Here he tells a gripping story of love in the face of the harsh realities of life as immigrant workers on the moon, and presents its characters with a heartbreaking choice.
The scan was routine. Every moon worker has one every four lunes. Achi was called, she went into the scanner. The machine passed magnetic fields through her body and when she came out the medic said, you have four weeks left.
* * *
We met on the Vorontsov Trans-Orbital cycler but didn’t have sex. We talked instead about names.
“Corta. That’s not a Brazilian name,” Achi said. I didn’t know her well enough then, eight hours out from transfer orbit, to be my truculent self and insist that any name can be a Brazilian name, that we are a true rainbow nation.

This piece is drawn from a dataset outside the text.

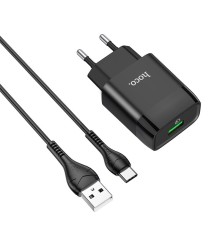 Мережевий зарядний пристрій з кабелем HOCO C72Q Glorious single port QC3.0 charger set(Type-C) 18W  Black (6931474732545)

So I told her that my name had rolled through many peoples and languages like a bottle in a breaker until it was cast up sand-scoured and clouded on the beaches of Barra. And now I was taking it on again, up to the moon.
Achi Debasso. Another name rolled by tide of history. London born, London raised, M.I.T.educated but she never forgot—had never been let forget—that she was Syrian. Syriac. That one letter was a universe of difference. Her family had fled the civil war, she had been born in exile. Now she was headed into a deeper exile.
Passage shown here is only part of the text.